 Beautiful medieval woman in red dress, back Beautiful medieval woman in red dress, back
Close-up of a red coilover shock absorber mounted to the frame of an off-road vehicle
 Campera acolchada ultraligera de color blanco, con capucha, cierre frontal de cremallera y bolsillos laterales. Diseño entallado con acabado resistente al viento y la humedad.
______
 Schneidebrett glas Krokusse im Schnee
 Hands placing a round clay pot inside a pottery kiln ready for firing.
______
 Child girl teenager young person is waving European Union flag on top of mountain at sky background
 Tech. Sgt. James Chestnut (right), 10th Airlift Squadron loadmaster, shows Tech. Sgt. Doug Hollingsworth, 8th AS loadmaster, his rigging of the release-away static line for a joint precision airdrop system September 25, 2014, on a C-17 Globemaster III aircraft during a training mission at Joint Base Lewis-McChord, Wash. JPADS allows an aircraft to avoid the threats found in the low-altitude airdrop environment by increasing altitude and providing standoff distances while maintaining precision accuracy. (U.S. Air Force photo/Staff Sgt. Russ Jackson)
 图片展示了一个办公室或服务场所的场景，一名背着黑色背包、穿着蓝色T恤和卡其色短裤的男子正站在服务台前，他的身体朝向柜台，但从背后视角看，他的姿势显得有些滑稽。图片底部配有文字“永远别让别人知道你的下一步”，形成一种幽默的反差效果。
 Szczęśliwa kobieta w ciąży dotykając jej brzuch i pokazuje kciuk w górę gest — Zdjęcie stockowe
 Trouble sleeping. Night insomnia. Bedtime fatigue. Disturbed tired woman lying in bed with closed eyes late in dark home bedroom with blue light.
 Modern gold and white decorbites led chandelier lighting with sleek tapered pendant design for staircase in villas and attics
______
**Your goal:** Starting from the records above, filter out all lines except those containing the word "with".

**Written reply:**
 Trouble sleeping. Night insomnia. Bedtime fatigue. Disturbed tired woman lying in bed with closed eyes late in dark home bedroom with blue light.
 Modern gold and white decorbites led chandelier lighting with sleek tapered pendant design for staircase in villas and attics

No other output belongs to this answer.